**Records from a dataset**
+ + +

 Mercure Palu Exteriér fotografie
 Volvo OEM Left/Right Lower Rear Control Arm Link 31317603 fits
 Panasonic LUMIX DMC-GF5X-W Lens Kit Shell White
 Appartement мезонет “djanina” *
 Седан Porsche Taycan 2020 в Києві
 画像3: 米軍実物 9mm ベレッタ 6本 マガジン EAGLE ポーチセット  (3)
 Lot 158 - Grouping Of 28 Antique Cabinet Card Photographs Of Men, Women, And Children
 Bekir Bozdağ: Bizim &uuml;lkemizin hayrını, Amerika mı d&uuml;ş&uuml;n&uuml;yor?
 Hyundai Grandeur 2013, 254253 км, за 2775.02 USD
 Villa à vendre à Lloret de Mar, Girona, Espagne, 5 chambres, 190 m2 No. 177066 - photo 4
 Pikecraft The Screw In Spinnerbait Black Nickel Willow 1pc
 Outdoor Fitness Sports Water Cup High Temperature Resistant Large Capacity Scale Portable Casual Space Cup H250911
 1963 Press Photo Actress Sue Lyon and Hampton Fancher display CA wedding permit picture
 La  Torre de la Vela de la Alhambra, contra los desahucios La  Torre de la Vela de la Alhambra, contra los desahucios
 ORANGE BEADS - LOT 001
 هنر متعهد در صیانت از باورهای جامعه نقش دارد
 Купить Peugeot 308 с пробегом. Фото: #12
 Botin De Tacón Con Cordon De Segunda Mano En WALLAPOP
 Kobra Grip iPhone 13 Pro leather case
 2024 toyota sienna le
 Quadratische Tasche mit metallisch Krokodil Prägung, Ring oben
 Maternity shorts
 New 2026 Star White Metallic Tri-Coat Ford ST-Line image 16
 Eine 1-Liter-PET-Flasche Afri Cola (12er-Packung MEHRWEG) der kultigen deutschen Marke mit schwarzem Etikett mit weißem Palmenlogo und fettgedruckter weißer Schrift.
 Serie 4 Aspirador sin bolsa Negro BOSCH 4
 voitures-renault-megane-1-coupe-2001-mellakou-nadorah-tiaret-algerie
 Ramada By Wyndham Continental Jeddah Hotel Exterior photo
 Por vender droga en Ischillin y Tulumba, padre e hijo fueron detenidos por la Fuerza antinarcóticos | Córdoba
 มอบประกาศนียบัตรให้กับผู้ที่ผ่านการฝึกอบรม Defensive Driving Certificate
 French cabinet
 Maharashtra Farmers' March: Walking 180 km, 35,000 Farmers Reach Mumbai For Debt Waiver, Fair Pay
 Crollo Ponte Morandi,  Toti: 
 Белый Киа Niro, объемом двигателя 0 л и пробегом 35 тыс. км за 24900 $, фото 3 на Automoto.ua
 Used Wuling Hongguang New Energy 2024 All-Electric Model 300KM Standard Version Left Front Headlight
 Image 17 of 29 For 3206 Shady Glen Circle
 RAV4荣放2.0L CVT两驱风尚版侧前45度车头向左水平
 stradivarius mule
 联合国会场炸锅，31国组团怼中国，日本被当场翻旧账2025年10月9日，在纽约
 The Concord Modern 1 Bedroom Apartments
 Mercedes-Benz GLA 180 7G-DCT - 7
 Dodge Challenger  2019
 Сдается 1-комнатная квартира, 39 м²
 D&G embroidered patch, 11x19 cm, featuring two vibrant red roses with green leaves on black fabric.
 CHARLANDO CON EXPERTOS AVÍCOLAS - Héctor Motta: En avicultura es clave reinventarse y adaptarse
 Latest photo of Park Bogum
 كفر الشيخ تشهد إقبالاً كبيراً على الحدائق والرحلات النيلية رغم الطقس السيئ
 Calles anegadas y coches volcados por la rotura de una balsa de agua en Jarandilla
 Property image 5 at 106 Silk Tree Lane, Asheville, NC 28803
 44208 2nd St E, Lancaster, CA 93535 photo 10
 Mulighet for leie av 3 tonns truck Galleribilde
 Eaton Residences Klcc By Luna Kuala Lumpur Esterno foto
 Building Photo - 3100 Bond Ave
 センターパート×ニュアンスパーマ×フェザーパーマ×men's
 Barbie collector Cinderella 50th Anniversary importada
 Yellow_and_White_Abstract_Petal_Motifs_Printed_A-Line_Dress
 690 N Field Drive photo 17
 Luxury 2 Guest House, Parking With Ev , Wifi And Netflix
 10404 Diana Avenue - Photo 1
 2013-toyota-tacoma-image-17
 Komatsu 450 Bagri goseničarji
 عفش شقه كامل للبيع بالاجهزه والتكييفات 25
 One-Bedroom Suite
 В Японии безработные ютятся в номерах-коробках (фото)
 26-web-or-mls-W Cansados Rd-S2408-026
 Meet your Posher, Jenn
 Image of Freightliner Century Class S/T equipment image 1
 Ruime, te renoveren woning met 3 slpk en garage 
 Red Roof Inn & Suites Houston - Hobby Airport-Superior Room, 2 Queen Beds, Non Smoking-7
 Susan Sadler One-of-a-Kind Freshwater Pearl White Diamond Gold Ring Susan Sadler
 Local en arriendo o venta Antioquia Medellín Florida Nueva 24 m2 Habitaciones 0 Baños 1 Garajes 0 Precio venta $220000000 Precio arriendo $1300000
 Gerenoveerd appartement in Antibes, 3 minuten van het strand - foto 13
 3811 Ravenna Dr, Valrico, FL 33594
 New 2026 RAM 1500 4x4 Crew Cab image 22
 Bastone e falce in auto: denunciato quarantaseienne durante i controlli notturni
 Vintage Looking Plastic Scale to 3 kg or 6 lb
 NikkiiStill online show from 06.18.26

+ + +

Whenever a line of the entries contains the string "Bedroom", copy that line.

**Worked solution**
 The Concord Modern 1 Bedroom Apartments
 One-Bedroom Suite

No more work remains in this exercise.